Director – Steven Soderbergh – 2025 – US – Cert. 15 – 93m
*
A spy is tasked with finding and eliminating a mole from a list of five suspects – one of whom is his wife… out in UK cinemas on Friday, March 14th
London-based George Woodhouse (Michael Fassbender) meets with a fellow operative, who informs him the organisation has been compromised. To sort this out, and find and eliminate the mole, the operative has produced a list of five suspects. One of which is George’s wife, Kathryn St. Jean, because she ticks all the suspect boxes. Neglecting to tell Kathryn (Cate Blanchett) that she is one of the names on the list, George enlists her help in concocting a plan to identify the suspect. In the spy business, relationships inevitably involve not telling things to one another and not asking about them either.

Thus, the couple invite four colleagues – Freddie Smalls (Tom Burke), Clarissa Dubose (Marisa Abela), Col. James Stokes (Regé-Jean Page) and psychiatrist Dr. Zoe Vaughan (Naomie Harris) – round to their lavish London flat for dinner, where each of the four are surprised to discover three more guests than they anticipated. At the dinner table, George commences his plan by having his guests play a game. Further down his plan is the idea of carrying out a lie detector test, but that will have to wait until later. By the end of the evening, he is no closer to knowing the suspect’s identity…
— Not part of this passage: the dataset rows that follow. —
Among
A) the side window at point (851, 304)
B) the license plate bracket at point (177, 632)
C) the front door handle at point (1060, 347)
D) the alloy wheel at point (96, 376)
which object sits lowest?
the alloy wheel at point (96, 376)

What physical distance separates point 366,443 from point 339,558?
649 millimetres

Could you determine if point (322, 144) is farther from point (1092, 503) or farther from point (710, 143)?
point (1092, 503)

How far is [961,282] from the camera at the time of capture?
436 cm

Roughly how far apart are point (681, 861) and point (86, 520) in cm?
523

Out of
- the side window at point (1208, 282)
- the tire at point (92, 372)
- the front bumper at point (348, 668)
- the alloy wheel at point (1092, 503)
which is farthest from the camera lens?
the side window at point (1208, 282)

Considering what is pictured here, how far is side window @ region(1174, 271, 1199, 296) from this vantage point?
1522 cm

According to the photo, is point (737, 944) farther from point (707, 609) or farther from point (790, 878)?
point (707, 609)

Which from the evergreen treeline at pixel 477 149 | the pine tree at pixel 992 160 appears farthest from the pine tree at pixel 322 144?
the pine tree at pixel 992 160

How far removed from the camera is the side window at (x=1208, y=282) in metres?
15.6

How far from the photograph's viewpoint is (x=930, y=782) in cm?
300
While this is a great set-up for a spy thriller, there is nothing about any of the characters that evokes the slightest bit of sympathy that might allow you to get a handle on them for them. Granted, the conversation and the back and forth cut and thrust within it unearths some clandestine sexual liaisons, but that, of itself, doesn’t do the job. That said, if the opening meeting and dinner party hold the attention almost on the grounds of tension alone, what follows doesn’t grip the audience in the same way. Much use is subsequently made of various characters being cross-examined on Dr. Zoe Vaughan’s psychiatrist’s couch, and the film plays a further casting ace by making an ageing, grey-haired Pierce Brosnan the organisation’s besuited boss. Yet, despite the actor’s trademark twinkle in his eye, the cold and distant nature of his character as written on the page means he’s as difficult to relate to as everyone else here.

Curiously, the film picks up again as it draws to a close, as George subjects the various suspects to the lie detector test promised in the opening reel, in which separate tests on a series of subjects are presented (either through clever scripting or judicious editing later in the filmmaking process) as if they were just one test as, for example, a question is asked and the person who answers it in the next shot isn’t the one we thought was being asked that question.
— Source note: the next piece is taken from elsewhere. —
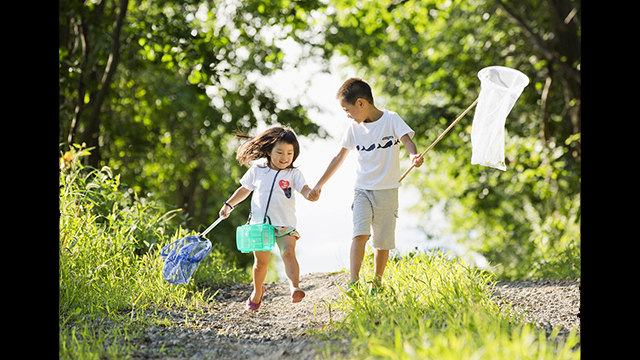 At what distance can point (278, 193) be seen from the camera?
4.17 m

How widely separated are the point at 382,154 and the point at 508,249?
1041cm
For the finale, in the long-established, screenwriting tradition of having narrative endings mirror openings, George and Kathryn stage a second dinner party, with a different game – one involving a handgun placed in the centre of the table. Like its opening counterpart, this scene, too, is compelling.

All this feels like someone had a great idea for an opening, a great idea for an ending, and no idea what to do in between. And a set of characters for whom the audience struggle to have any sympathy. Which suggests something that, with further script development, could have been very effective had these issues been ironed out. Perhaps the lie detector test scene should have been placed earlier in the proceedings – we are tantalised with the prospect of it early on, but then it takes an eternity to arrive (and this is in a commendably brief 90-odd minute running length, which gives some idea of the film’s problems). As it stands, aside from the impressive bookends, and a stellar cast pulling out all the stops, this is a slog to be avoided at all costs.
Which is a shame, because the trailer makes it look terrific. You have been warned.
Black Bag is out in cinemas in the UK on Friday, March 14th.